Exercise requirements | Exactly as they appear, copy the lines from the one holding "Red-black, modern, trendy, urban" through the end of the records, leaving pictures out.

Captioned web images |
------------------------------------

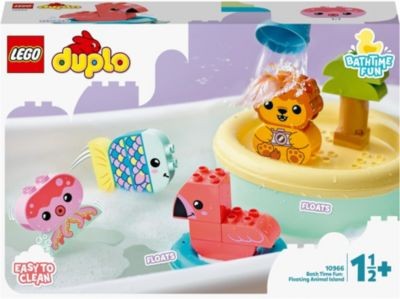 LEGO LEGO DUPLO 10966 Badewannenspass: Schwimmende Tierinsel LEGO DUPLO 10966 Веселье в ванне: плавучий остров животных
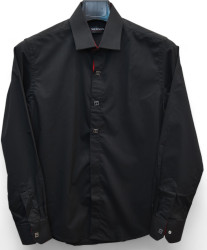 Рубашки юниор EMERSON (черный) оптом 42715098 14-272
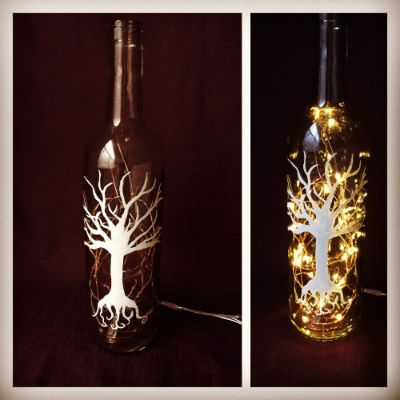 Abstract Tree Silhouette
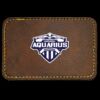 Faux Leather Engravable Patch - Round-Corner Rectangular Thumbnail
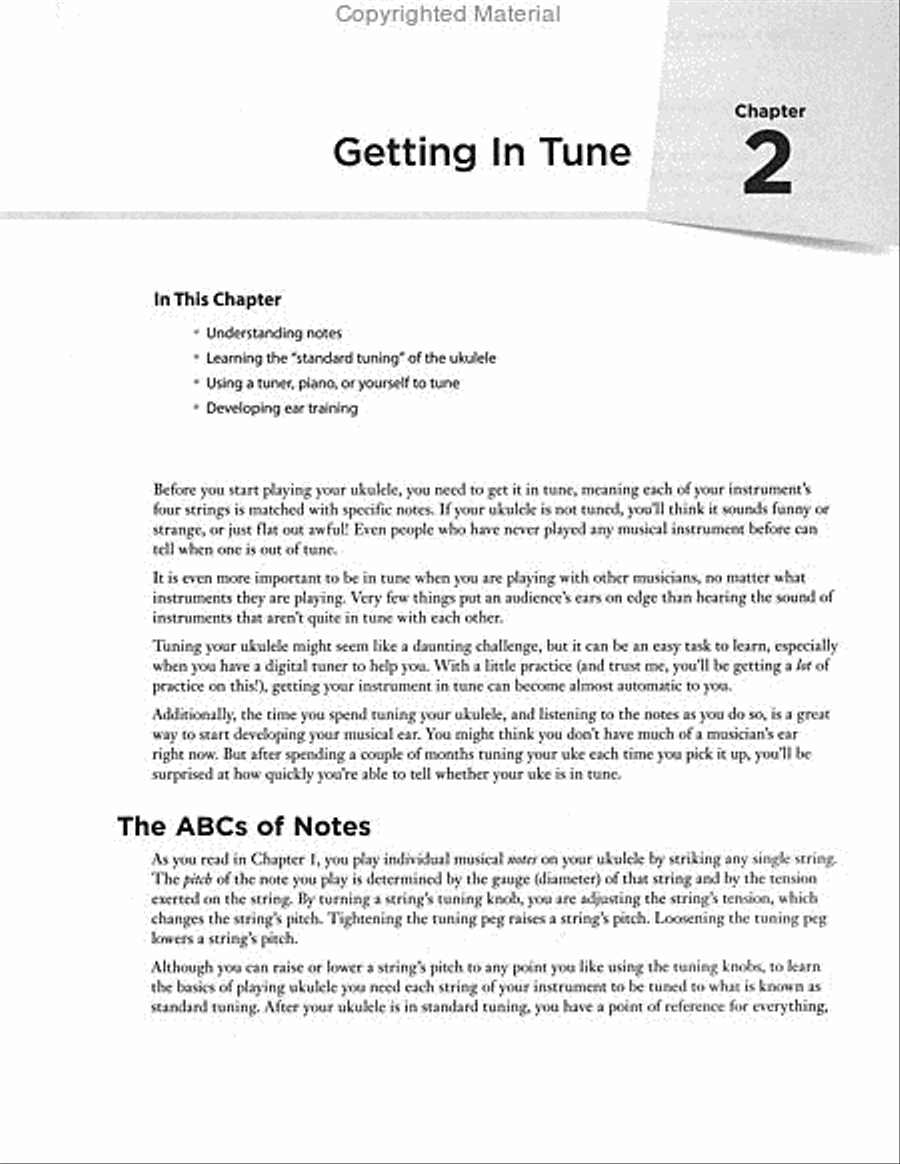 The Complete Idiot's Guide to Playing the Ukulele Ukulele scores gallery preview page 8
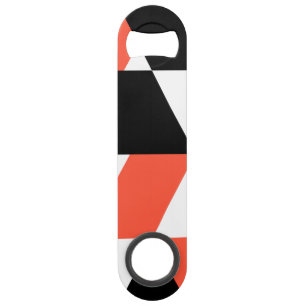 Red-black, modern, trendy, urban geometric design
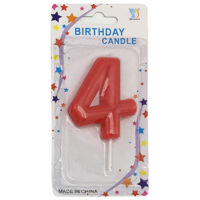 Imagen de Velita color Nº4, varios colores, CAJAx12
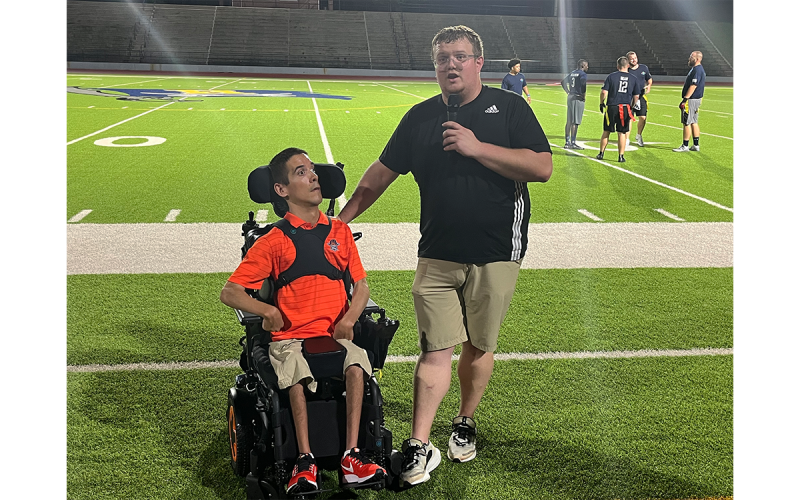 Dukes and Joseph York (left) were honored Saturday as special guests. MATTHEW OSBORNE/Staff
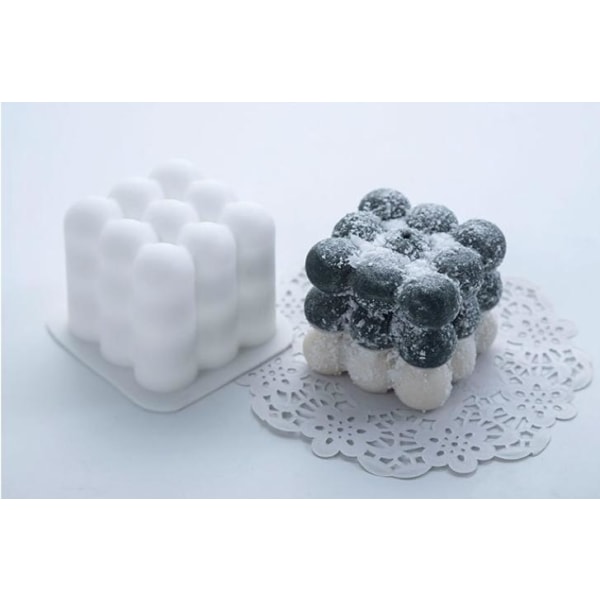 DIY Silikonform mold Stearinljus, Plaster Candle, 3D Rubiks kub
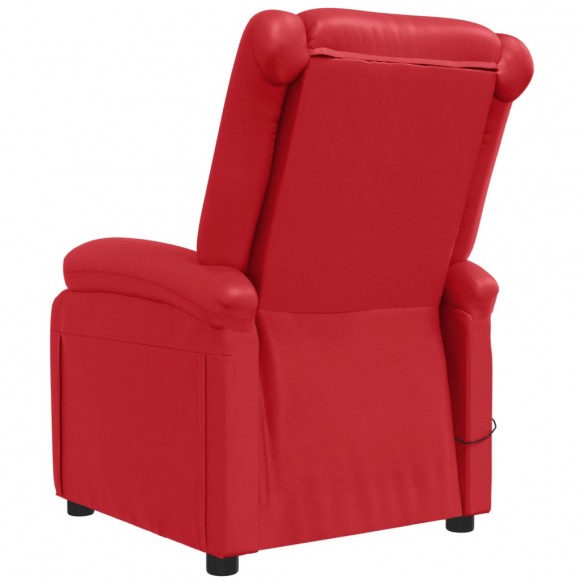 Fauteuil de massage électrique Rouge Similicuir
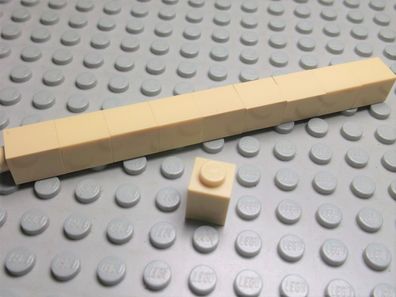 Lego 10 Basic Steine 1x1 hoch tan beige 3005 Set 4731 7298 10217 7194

------------------------------------

Completed task |
 Red-black, modern, trendy, urban geometric design
 Imagen de Velita color Nº4, varios colores, CAJAx12
 Dukes and Joseph York (left) were honored Saturday as special guests. MATTHEW OSBORNE/Staff
 DIY Silikonform mold Stearinljus, Plaster Candle, 3D Rubiks kub
 Fauteuil de massage électrique Rouge Similicuir
 Lego 10 Basic Steine 1x1 hoch tan beige 3005 Set 4731 7298 10217 7194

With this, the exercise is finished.